Short Answers#

Question 1: Decision Theory and Kernel Methods

(a) Is the loss function \( l(y,\hat{y}) = (\hat{y} - y)^3 \) a good idea or a bad idea for supervised regression? Why?

  • Answer:

    • Bad idea.

    • The cubic loss function does not penalize errors symmetrically. Positive and negative errors of the same magnitude will have different losses. This can lead to undesirable biases in regression estimates.

(b) Explain a benefit of using the kernel trick with a polynomial kernel of degree \( p = 12 \) in SVM vs explicit basis expansion.

  • Answer:

    • Computational efficiency.

    • Using the kernel trick, we can compute the inner product in the higher-dimensional space without explicitly computing the transformation. Explicit basis expansion for a degree 12 polynomial would involve computing a large number of polynomial features, which is computationally expensive.

(c) How are support vectors characterized by dual variables \( \lambda_i \) in the soft-margin SVM?

  • Answer:

    • Non-zero values.

    • In the soft-margin SVM, support vectors are data points for which the dual variable \( \lambda_i \) is greater than zero.

(d) Write an expression relating expected squared loss, bias, and variance.

  • Answer:

    • Expected squared loss = Bias^2 + Variance + Noise.

(e) How is the objective function for soft-margin SVM a relaxation of the hard-margin SVM objective?

  • Answer:

    • Inclusion of slack variables.

    • Soft-margin SVM introduces slack variables to allow some misclassifications, whereas hard-margin SVM requires perfect separation of data. This makes the soft-margin SVM more flexible and applicable to non-linearly separable data.

Question 2: General Machine Learning

(a) Describe where within multi-armed bandit algorithms like ε-greedy, statistical estimation is performed and how these estimates are used.

  • Answer:

    • Estimation of action values.

    • In ε-greedy, the value of each action (arm) is estimated based on the historical rewards. The algorithm exploits the action with the highest estimated value most of the time, and explores random actions with a probability of ε.
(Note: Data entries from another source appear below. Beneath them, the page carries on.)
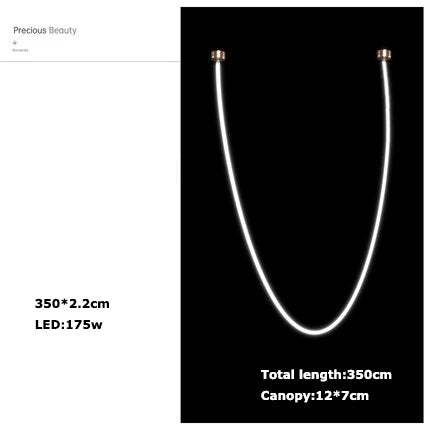 Lyra Dome LED Postmodern Gold Chrome Elegant Ceiling Light - OpalDwell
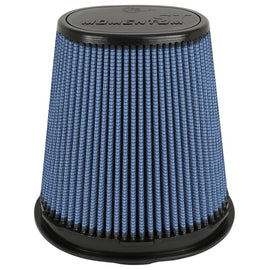aFe Magnum FLOW Pro 5R Univ. Clamp-On Air Filter F-4 / B(8 X 6.5) MT2 / T(5.25 X 3.75) / H-7.5in. 24-90101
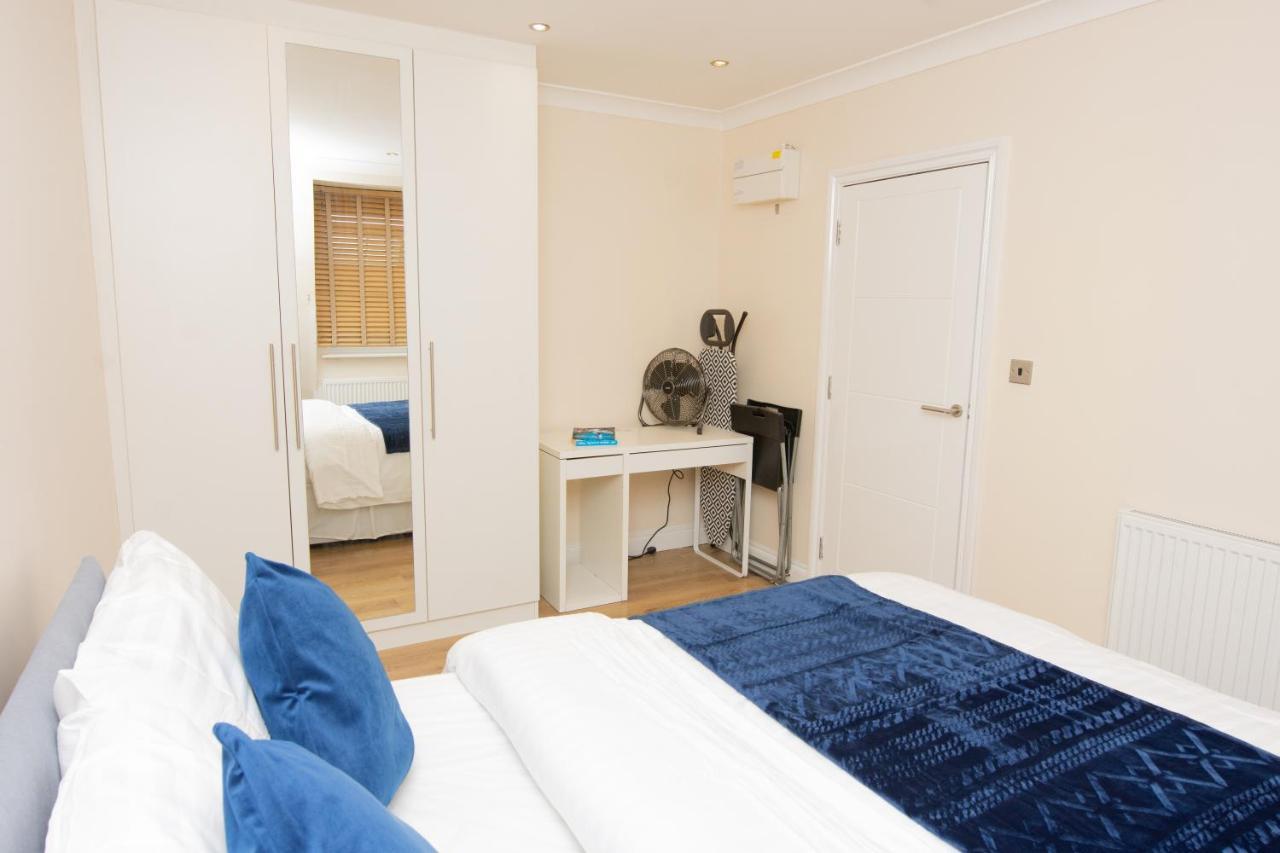 Evergreen Apartments-Flat 5, ロンドン エクステリア 写真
(b) Describe a problem with gradient descent during training and one approach to mitigate it.

  • Answer:

    • Vanishing or Exploding Gradients.

    • Gradients can become too small (vanish) or too large (explode), making learning slow or unstable.
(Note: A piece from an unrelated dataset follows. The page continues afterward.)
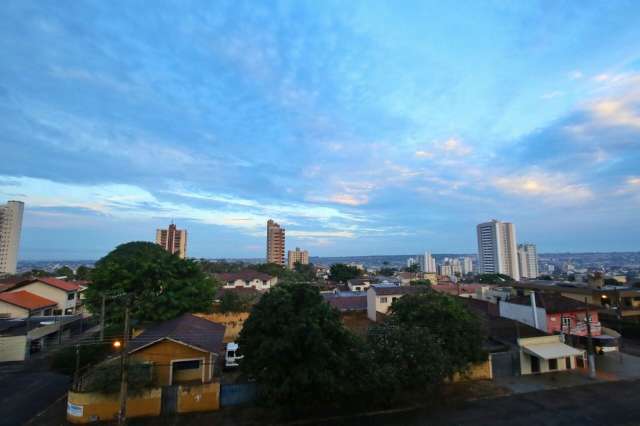 Pancadas de chuva continuam, mas sol volta em algumas cidades de MS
    • Mitigation: Use techniques like gradient clipping, batch normalization, or careful initialization.

(c) Why are training examples weighted within the AdaBoost algorithm?

  • Answer:

    • To emphasize misclassified examples.

    • AdaBoost increases the weights of misclassified examples in each iteration to focus the next weak learner on those hard-to-classify instances.

(d) How are generative models different from discriminative models?

  • Answer:

    • Modeling approach.

    • Generative models model the joint probability \( P(X,Y) \) and try to learn how the data is generated. Discriminative models model the conditional probability \( P(Y|X) \) and focus on the decision boundary between classes.

(e) Define the tree width of a directed graph \( G \) in words.

  • Answer:

    • Maximum clique size minus one.

    • The tree width of a graph is the size of its largest clique (fully connected subgraph) minus one, when represented as a tree decomposition.

(f) Benefit of using the Gaussian mixture model (GMM) over k-means clustering.

  • Answer:

    • Flexibility in cluster shapes.

    • GMM can model elliptical clusters, whereas k-means assumes spherical clusters. GMM also provides a probabilistic cluster assignment, as opposed to the hard assignment in k-means.


Question 1:

(a) Why are maximum likelihood estimation, max a posteriori, and empirical risk minimization all instances of extremum estimators?

  • Answer:

    • All these methods involve optimizing (maximizing or minimizing) a particular objective function. MLE maximizes the likelihood, MAP maximizes the posterior, and ERM minimizes the empirical risk.

(b) Why was there a third irreducible error term in the bias-variance decomposition for supervised regression but not in parameter estimation?

  • Answer:

    • In supervised regression, the third term represents the noise inherent in the data. This error is due to the randomness in the data and cannot be reduced regardless of the model. In parameter estimation, we’re trying to estimate fixed parameters, so there’s no inherent “noise” term.

(c) Key difference between learning with experts and multi-armed bandit settings?

  • Answer:

    • In the learning with experts setting, the learner receives feedback on all expert predictions, regardless of which expert was chosen. In the multi-armed bandit setting, feedback is received only for the chosen action (arm).

(d) How do the frequentist and Bayesian approaches differ in their modeling of unknown parameters?

  • Answer:

    • Frequentists view unknown parameters as fixed but unknown values. They estimate these parameters from data. Bayesians treat unknown parameters as random variables and use probability distributions to describe their uncertainty about these parameters.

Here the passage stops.